Wie ein Musiker die Rock-Community an der Nase herumführte
Seine Stimme klingt seltsam hoch. Sein Stil: Irgendwas zwischen Rock, Pop und Metal. Auf YouTube hat Jered Threatin Millionen Klicks gekommen. Der einzige Schönheitsfehler ist: Es gibt seine Band gar nicht. Wollte er das Musik-Business vorführen?
Übers vergangene Wochenende hat ein Skandal die britischen Konzertveranstalter erschüttert. Die Website Metal Sucks hat es zuerst enthüllt: Eine Band namens Threatin, angeführt von einem Sänger und angeblichen Multi-Instrumentalisten namens Jered Threatin aus Los Angeles, habe eine komplette britische Tour auf der Grundlage falscher Tatsachen gebucht. 38.000 gefälschte Facebook-Fans - angeblich alle aus Brasilien -, Live-Videos, die vortäuschen, dass die Band vor Massen spielt, ein Plattendeal bei einer angeblichen legendären Plattenfirma, die es nicht gibt, und eine ausverkaufte Tour durch Großbritannien, zu der niemand erschienen ist.
Alle Clubs fielen auf Threatin herein
Was steckt dahinter: Marketing-Trick eines bislang erfolglosen Musikers? Projekt eines gewitzten Performance-Künstlers? Oder will da jemand die Club-Szene vorführen? Denn viele respektable und renommierte Clubs wie "Underworld" in London, "Trillians" in Newcastle und "The Exchange" in Bristol sind auf den Fake-Musiker, der in seinen Musikvideos klingt, als habe er eine Prise Michael Jackson in seinen Gesang gerührt, hereingefallen - lockte sie vor allem das Geld, das mit einem ausverkauften Konzert zu verdienen war?
Letzeres fragt sich auch der Musikjournalist Robert Rotifer, der in England lebt und arbeitet: Wer viele Fans verspreche, könne sich offenbar in jeden Club einkaufen.
"Auf eine gewisse, fast schon poetische Art zeigt dieser Fall Threatin ja auch, wie korrupt das ganze System ist. Als Tourist in London sieht man das 'Underworld' und denkt sich: Wichtiges Lokal - da haben schon wichtige Bands gespielt! Und in Wahrheit ist es eigentlich ein gekaufter Club - und das kommt jetzt heraus durch Threatin. Das ist fast schon Performance Art."
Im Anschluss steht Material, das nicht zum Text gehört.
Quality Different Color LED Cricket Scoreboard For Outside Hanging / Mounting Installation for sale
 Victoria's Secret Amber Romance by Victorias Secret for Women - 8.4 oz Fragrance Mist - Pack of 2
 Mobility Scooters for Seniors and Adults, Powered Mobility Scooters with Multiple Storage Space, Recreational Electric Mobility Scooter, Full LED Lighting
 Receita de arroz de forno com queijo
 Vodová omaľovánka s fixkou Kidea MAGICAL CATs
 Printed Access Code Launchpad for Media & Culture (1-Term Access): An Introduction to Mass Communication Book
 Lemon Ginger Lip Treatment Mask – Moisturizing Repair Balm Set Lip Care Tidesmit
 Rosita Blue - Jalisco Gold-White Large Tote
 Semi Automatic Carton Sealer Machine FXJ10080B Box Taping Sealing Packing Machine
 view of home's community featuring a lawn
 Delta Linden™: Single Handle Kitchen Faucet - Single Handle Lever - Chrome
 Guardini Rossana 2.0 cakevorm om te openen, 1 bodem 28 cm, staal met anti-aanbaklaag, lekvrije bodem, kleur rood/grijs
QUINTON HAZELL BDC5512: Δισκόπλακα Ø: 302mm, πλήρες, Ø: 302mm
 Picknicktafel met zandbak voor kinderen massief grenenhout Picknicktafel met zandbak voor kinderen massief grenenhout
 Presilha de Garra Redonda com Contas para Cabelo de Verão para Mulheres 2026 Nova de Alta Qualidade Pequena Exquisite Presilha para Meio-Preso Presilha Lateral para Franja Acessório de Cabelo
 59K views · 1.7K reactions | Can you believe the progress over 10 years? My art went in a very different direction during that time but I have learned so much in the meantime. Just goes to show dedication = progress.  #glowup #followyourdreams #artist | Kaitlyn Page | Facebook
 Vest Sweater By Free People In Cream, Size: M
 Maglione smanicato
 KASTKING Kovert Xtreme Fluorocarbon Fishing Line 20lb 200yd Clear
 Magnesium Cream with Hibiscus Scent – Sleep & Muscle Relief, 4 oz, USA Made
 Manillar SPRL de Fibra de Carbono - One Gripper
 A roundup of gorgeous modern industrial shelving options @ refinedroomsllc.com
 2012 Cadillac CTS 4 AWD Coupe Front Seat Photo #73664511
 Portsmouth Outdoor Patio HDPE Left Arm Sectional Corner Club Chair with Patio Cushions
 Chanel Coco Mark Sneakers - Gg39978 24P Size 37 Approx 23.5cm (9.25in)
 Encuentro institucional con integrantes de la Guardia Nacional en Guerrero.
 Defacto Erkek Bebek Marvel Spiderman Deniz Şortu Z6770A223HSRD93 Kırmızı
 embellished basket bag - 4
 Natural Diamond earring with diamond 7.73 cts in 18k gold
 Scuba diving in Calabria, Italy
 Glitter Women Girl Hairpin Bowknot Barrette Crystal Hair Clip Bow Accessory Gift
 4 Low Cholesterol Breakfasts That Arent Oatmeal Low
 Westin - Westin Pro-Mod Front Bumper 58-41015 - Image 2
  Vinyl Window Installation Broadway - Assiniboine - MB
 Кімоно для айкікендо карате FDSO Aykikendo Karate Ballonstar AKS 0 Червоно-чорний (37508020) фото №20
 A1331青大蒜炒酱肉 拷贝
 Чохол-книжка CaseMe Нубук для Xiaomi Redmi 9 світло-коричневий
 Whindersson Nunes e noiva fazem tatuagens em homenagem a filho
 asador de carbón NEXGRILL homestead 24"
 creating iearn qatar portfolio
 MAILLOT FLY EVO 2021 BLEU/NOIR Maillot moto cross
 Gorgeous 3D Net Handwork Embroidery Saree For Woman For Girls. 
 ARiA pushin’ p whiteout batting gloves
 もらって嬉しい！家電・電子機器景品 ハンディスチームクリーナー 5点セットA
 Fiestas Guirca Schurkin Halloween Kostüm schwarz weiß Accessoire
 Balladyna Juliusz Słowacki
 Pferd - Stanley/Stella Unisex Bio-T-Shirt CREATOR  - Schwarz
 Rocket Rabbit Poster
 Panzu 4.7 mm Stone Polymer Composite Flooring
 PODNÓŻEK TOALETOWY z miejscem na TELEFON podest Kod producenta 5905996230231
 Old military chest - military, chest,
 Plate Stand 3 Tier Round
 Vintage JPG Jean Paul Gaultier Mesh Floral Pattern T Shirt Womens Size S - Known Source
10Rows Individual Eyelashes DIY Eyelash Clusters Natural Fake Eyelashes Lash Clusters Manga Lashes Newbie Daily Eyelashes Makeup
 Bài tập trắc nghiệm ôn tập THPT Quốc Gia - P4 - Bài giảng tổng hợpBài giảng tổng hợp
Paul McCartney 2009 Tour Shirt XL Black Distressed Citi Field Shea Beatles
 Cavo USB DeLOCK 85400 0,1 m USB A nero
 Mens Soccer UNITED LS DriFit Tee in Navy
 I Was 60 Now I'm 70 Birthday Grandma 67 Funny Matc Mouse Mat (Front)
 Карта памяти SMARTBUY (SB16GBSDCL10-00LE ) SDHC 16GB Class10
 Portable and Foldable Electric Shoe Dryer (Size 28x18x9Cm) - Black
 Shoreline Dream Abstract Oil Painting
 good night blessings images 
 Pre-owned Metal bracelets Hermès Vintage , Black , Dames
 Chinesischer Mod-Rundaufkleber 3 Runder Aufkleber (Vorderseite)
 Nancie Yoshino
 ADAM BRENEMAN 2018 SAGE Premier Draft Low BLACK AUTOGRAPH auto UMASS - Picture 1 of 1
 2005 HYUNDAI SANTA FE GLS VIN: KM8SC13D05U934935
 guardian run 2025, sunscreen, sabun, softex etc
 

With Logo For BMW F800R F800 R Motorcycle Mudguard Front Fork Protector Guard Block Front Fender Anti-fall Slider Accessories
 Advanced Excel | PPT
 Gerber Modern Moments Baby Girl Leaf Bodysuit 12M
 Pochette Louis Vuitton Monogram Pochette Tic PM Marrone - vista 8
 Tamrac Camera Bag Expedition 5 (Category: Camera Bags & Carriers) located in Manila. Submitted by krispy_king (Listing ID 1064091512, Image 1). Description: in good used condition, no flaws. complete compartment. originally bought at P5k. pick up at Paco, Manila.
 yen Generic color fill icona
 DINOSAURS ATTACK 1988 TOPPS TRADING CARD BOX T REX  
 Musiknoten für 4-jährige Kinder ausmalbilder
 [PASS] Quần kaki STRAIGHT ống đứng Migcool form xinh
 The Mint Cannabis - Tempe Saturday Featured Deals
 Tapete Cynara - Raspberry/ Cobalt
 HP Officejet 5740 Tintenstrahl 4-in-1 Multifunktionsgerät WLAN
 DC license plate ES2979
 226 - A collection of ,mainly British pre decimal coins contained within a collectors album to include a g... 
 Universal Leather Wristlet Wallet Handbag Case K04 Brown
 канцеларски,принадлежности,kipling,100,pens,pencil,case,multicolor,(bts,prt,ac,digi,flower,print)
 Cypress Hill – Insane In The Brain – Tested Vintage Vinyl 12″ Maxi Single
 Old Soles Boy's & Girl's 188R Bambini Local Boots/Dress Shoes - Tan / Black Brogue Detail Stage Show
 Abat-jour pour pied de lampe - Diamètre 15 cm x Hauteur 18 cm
Offenbar doch nicht nur ein Marketing-Trick
Die Musik-Videos wurden unterdessen millionenfach angeklickt. Falls es ihm am Ende tatsächlich nur auf Marketing in eigener Sache ankommt, dann hat er offenbar sein Ziel erreicht. Rotifer: Unklar sei, wie viele von diesen Millionen von Klicks der Künstler selbst generiert habe. Doch gegen die Marketing-Variante spreche einiges:
"Das Tragische daran ist ja, dass das Facebook-Profil inzwischen nicht mehr existiert, dass sein Auftritt in Belfast abgesagt wurde und dass zwei von seiner Band sich verabschiedet haben und man ihn überhaupt nicht mehr erreichen kann. Das heißt, wenn das so geplant wäre, dann - würde man doch denken - würde er jetzt richtig abkassieren und würde es jetzt auskosten, dass Hunderte von Leuten kommen, um sich anzusehen, ob es ihn wirklich gibt. Das scheint aber nicht stattzufinden."
"Langweiliger Pop Metal"
Für Rotifer ist dies ein "Indiz dafür, dass das wirklich ein tragischer Fall ist von jemandem, der gedacht hat, er könnte sich da hoch hinaus fanatasieren."
Was die Musik anbelange, so sei das, was Threatin in den Musik-Videos präsentiere "langweiliger Pop Metal", wie man ihn seit den 80er Jahren kenne - inklusiver langer Metal-Haarmähne, die effektvoll hin und her geworfen wird.
Mit seinem Spiel mit Identitäten sei Jered Threatin jedoch ganz nah am Nerv der Zeit - denn Themen wie "Identität" und "Fake" seien allgegenwärtig.